Abstract
Background:
To prevent health care errors, the main causes and preventive strategies should be identified. The purpose of this study was to identify the causes and preventive strategies of health care errors from the perspectives of physicians.
Methods:
We surveyed 250 randomly selected physicians in five teaching hospitals in Tehran, Iran, in 2015. We used a questionnaire with 29 questions regarding causes and 17 ones regarding the preventive strategies. The participants were asked to answer the questions based on Likert’s five-point score (1=very low to 5= very high). The data was analyzed using descriptive (frequency, and mean scores) and inferential statistics in SPSS.
Results:
Managerial factors (3.6±0.7), personal factors of providers (3.5±0.6), factors related to the patients (3.4±0.71), and the factors pertinent to laboratory and pharmacy (3.2±0.8) were the main causes respectively.
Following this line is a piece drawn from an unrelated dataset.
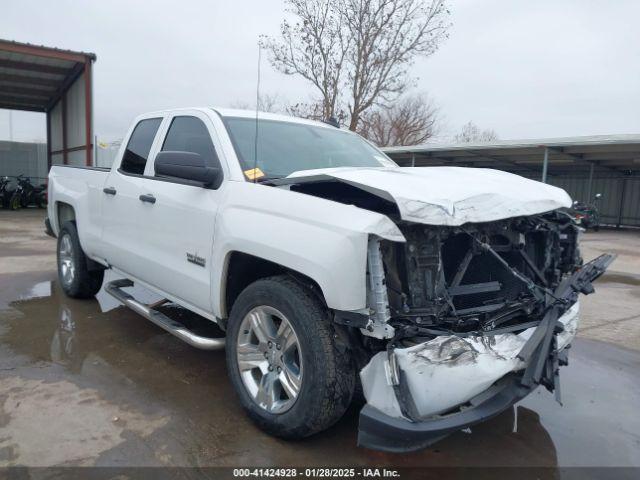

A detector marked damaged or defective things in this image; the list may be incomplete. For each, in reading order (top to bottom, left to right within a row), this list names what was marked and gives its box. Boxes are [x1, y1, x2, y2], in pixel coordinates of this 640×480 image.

crumpled hood [288, 166, 572, 226]
detached front bumper [358, 253, 612, 452]
damaged front end [356, 212, 616, 452]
The most important preventive strategies were improvement of academic education, better taking past medical history, implementing electronic prescription and increasing healthcare budget.
Conclusion:
Heavy workloads, long work shifts, failure to do thorough examination and to collect detailed history information, providers’ fatigue, patients’ reluctance to follow orders or to give their complete information, failure to give detailed instruction to patients about the medications, lack or insufficient monitoring and supervising systems, and lack of enough budget were some of the most important causes of errors. Using IT to access patients’ information, improving patients’ adherence, reducing workload, developing efficient methods for collecting patients’ information, dedicating adequate budget for improvement programs are recommended.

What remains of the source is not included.